Ce n'est pas un ras le bol du métier, ce n'est pas un refus de l'obstacle. C'est l'idée qu'on n'a pas la force de replonger, de recommencer "comme en mars", d'être à nouveau débordé, de manquer de temps pour tout. Alors "pour la deuxième vague, ce sera sans moi". Soignants et infirmières sont fatigué.e.s, désabusé.e.s. Personne ne vous laissera tomber s vous êtes hospitalisé dans une unité Covid bien sûr, mais beaucoup ont jeté l'éponge, chez les infirmières et les infirmiers notamment. Et si l'on en croit une étude du conseil de l'Ordre des Infirmiers, 37% d'en elles ou eux, veulent changer de métier.

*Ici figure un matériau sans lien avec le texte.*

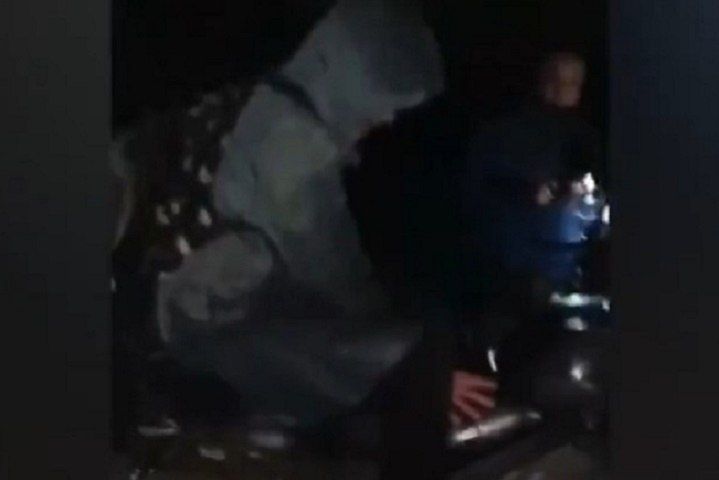 На Урале спасли 16-летнего школьника, который забрел в болотную топь На Урале спасли 16-летнего школьника, который забрел в болотную топь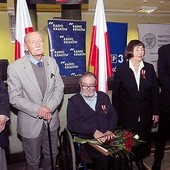 Opowiadają nieustannie o tym, co przeżyli: Karol Tendera (pierwszy z lewej), Stanisław M. Jankowski (trzeci z lewej), Aleksandra Szemioth i Ryszard Majdzik.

Contre qui est dirigée la colère du personnel soignant ? Contre le comportement des français ou contre le manque de moyens et de mesures du gouvernement ?

Qu'est-ce qui est sorti, ou plutôt qui n'est pas sorti du Ségur de la Santé ? 

Avec nous pour en parler et pour répondre à vos questions, Jean-François Timsit, Chef du service de réanimation de l'hôpital Bichat, François Salachas, Neurologue, porte-parole du collectif inter-hôpitaux, et Patrick Chamboredon, président de l’Ordre National des Infirmiers, infirmier à l’AP-HM Marseille.